THE TASK: Set down, exactly as written, the lines from the line holding "C:UsersAdminis" to the end of the data, inclusive, skipping any pictures.

Short descriptive text snippets:
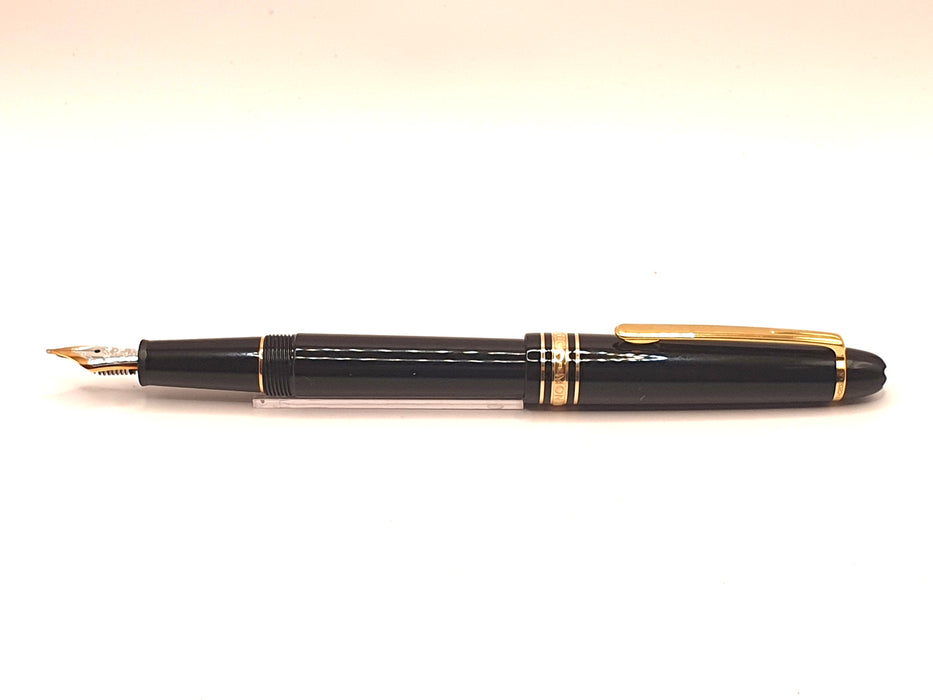 Vintage Montblanc Classique 145 Black with Gold Trim Fountain Pen (14ct M Nib)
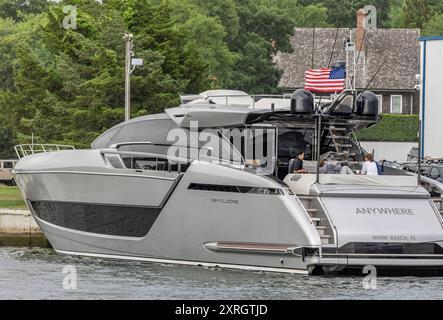 Motoryacht irgendwo am Dock im 3-Mile-Hafen Stockfoto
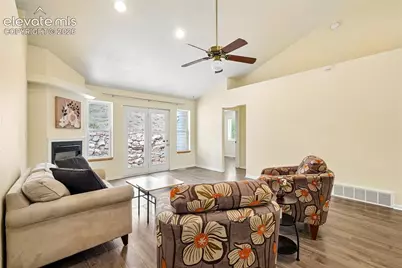 956 Columbine Avenue, Colorado Springs, CO 80904 - Photo 3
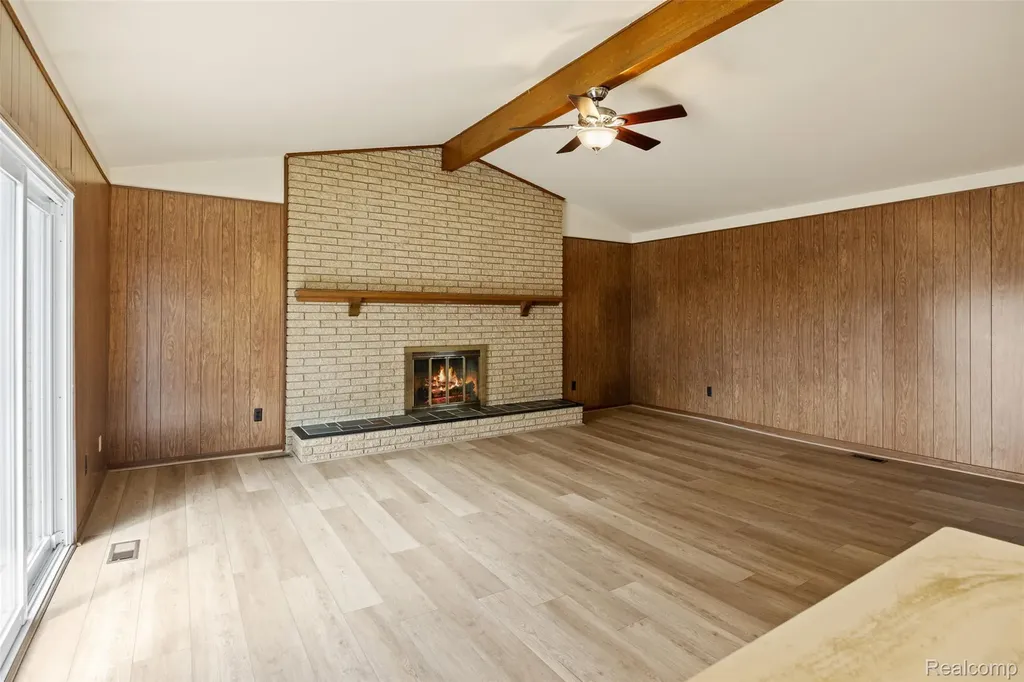 36825 Eton Court Sterling Heights City MI 48310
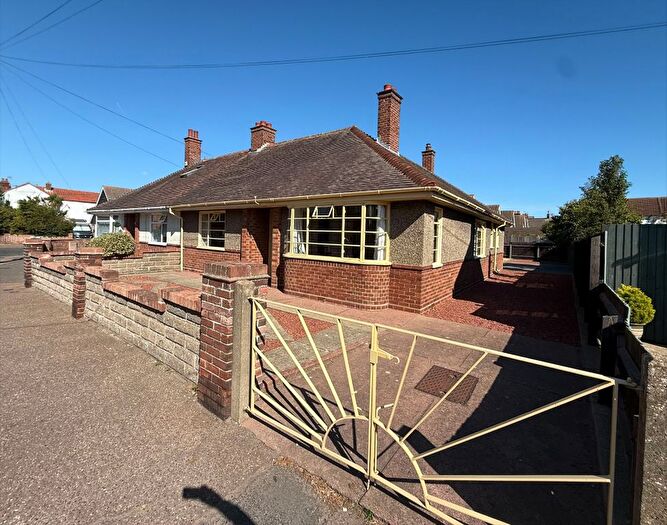 3 Bedroom Semi-Detached Bungalow For Sale In Tan Lane, Caister-On-Sea, NR30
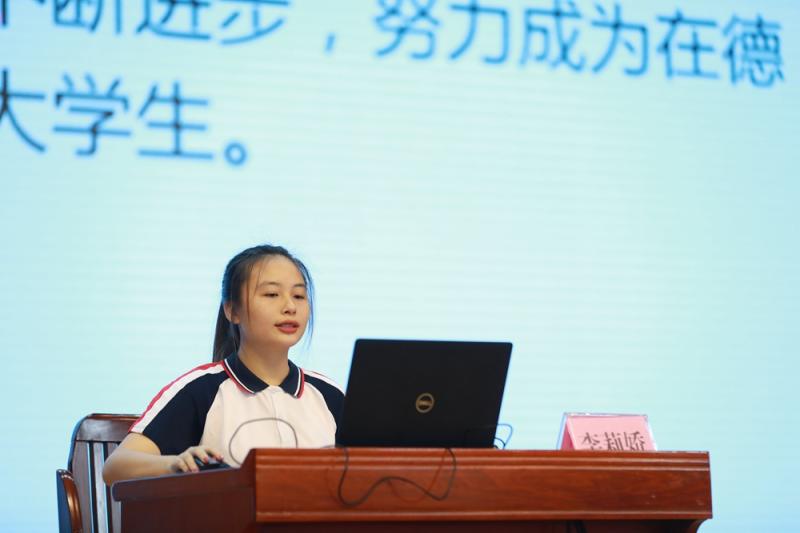 C:UsersAdministratorDesktop&#7;.学生代表李莉娇进行学生层面诊改汇报_副本.jpg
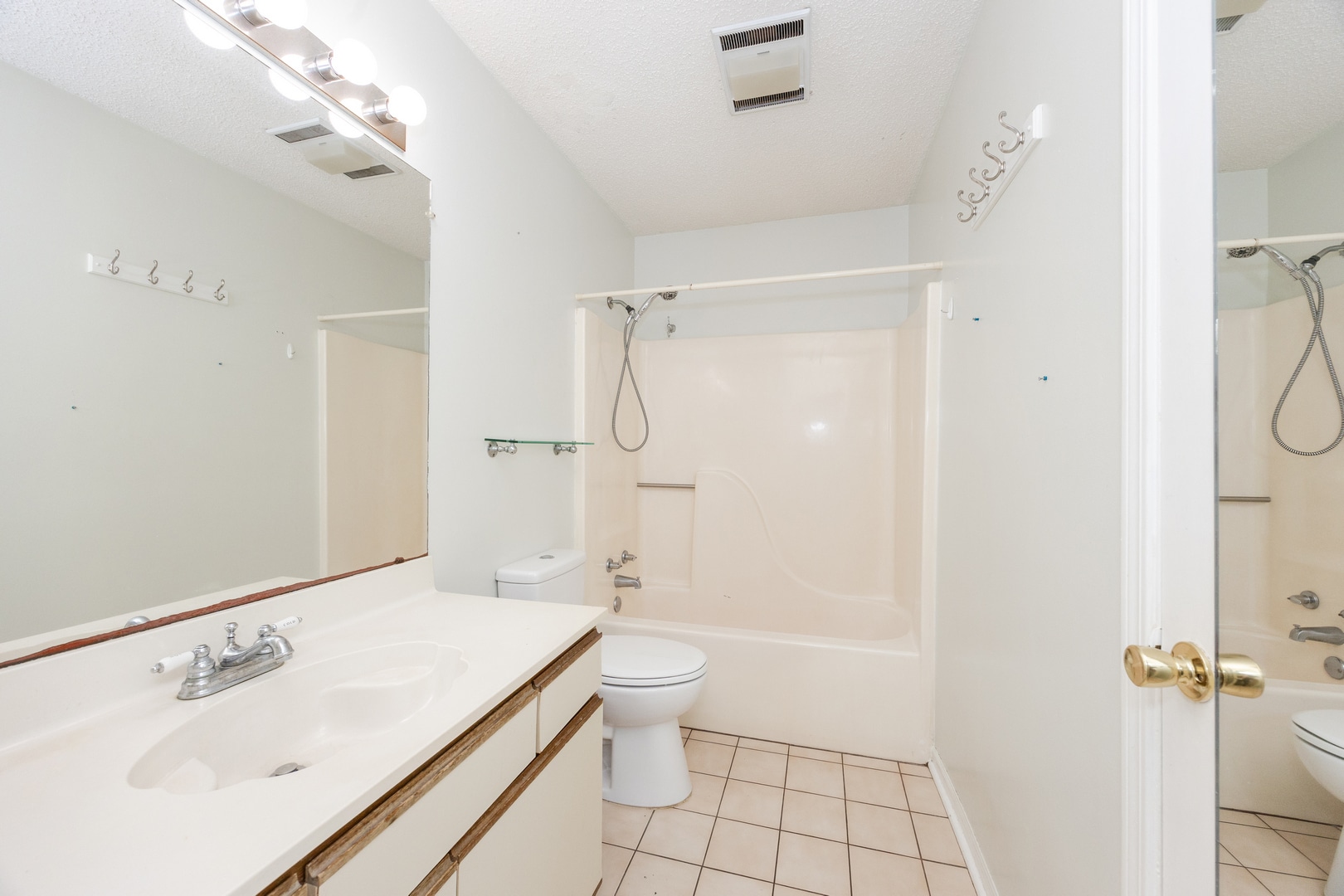 Building Photo - 13442 S Fairview Ave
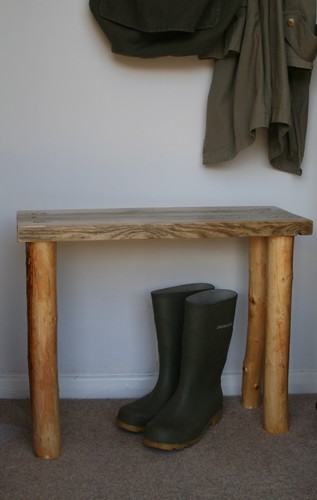 Hand crafted cloakroom - hand, cloakroom/boot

FINISHED TASK:
 C:UsersAdministratorDesktop&#7;.学生代表李莉娇进行学生层面诊改汇报_副本.jpg
 Building Photo - 13442 S Fairview Ave
 Hand crafted cloakroom - hand, cloakroom/boot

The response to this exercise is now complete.